- _Exercise data_:
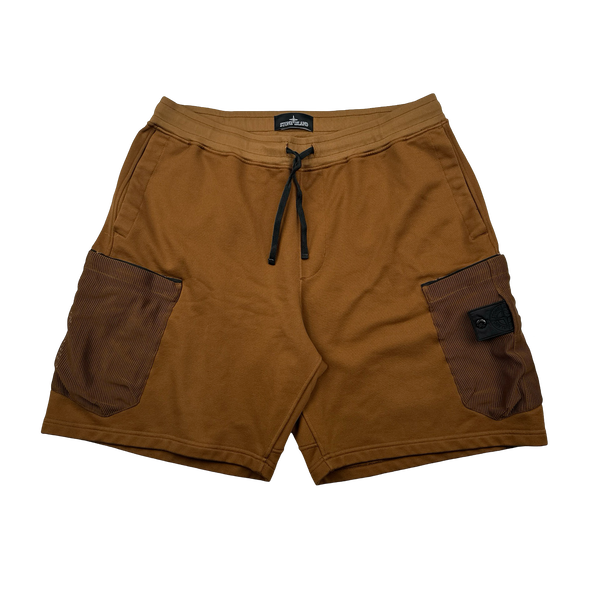 Stone Island 2021 Shadow Project Brown Garment Dyed Mesh Cargo Pocket Shorts -XL
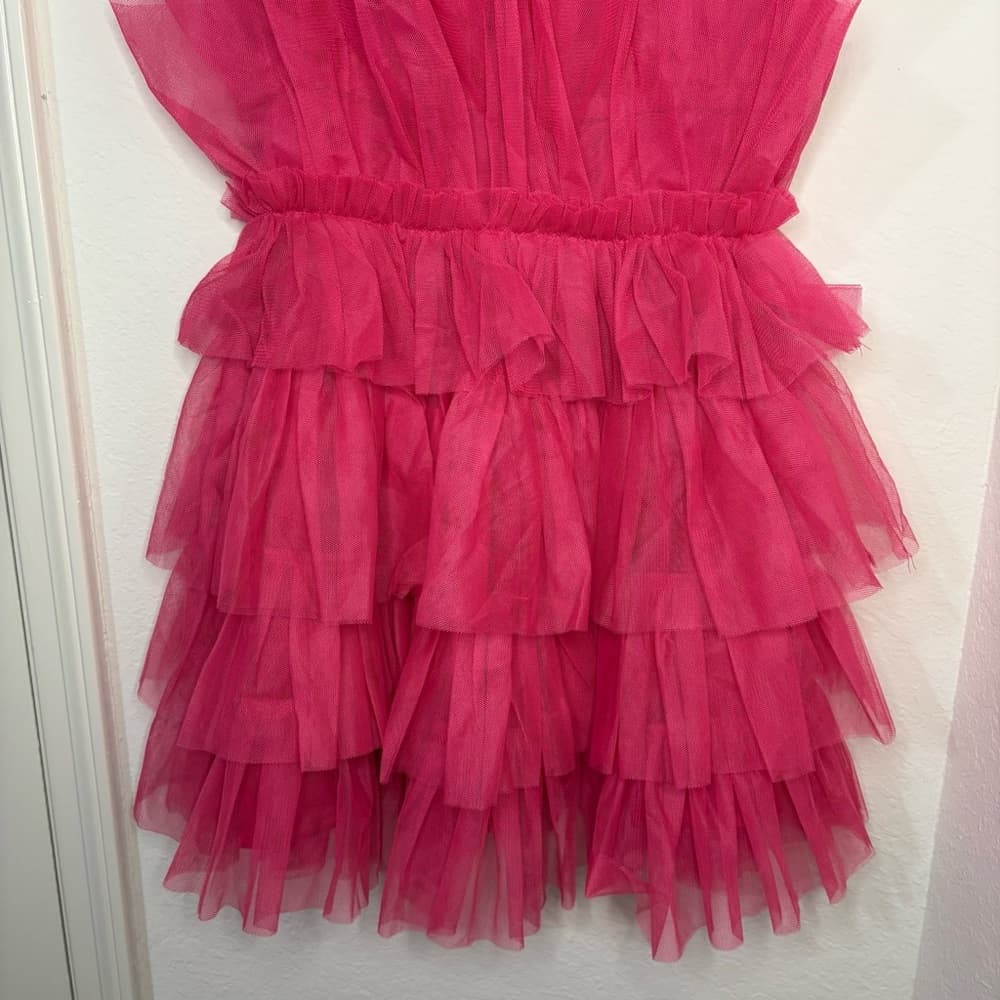Storia Pink Tulle Ruffle Mini Dress - Thumbnail 5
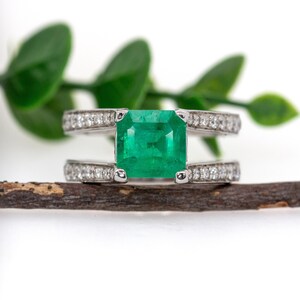 2.3cts Colombian Emerald Ring W Natural Diamonds and Blue Diamonds in 14k Gold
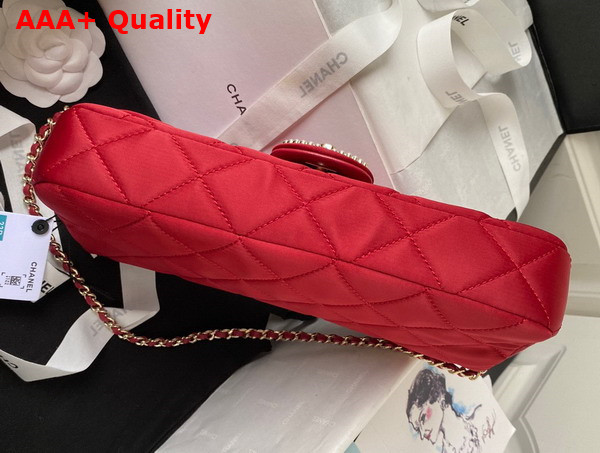 Chanel Flap Bag in Red Satin Replica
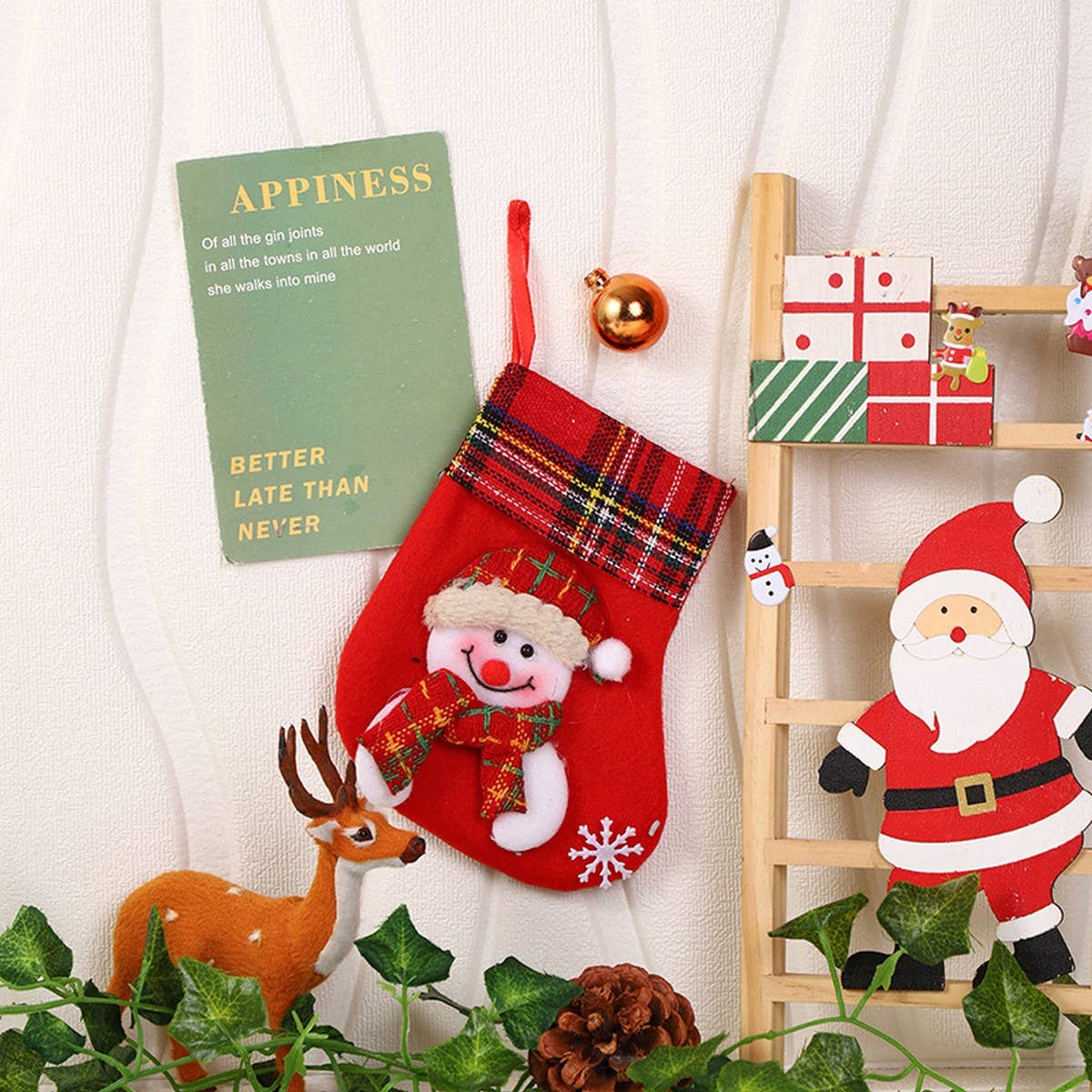 SEQUINED 3D SANTA CLAUS CHRISTMAS STOCKINGS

- _Required action_:
Lines before the one containing "Storia Pink Tulle" are not wanted; repeat that line and the rest of the listing exactly, leaving out pictures.

- _Expected answer_:
Storia Pink Tulle Ruffle Mini Dress - Thumbnail 5
 2.3cts Colombian Emerald Ring W Natural Diamonds and Blue Diamonds in 14k Gold
 Chanel Flap Bag in Red Satin Replica
 SEQUINED 3D SANTA CLAUS CHRISTMAS STOCKINGS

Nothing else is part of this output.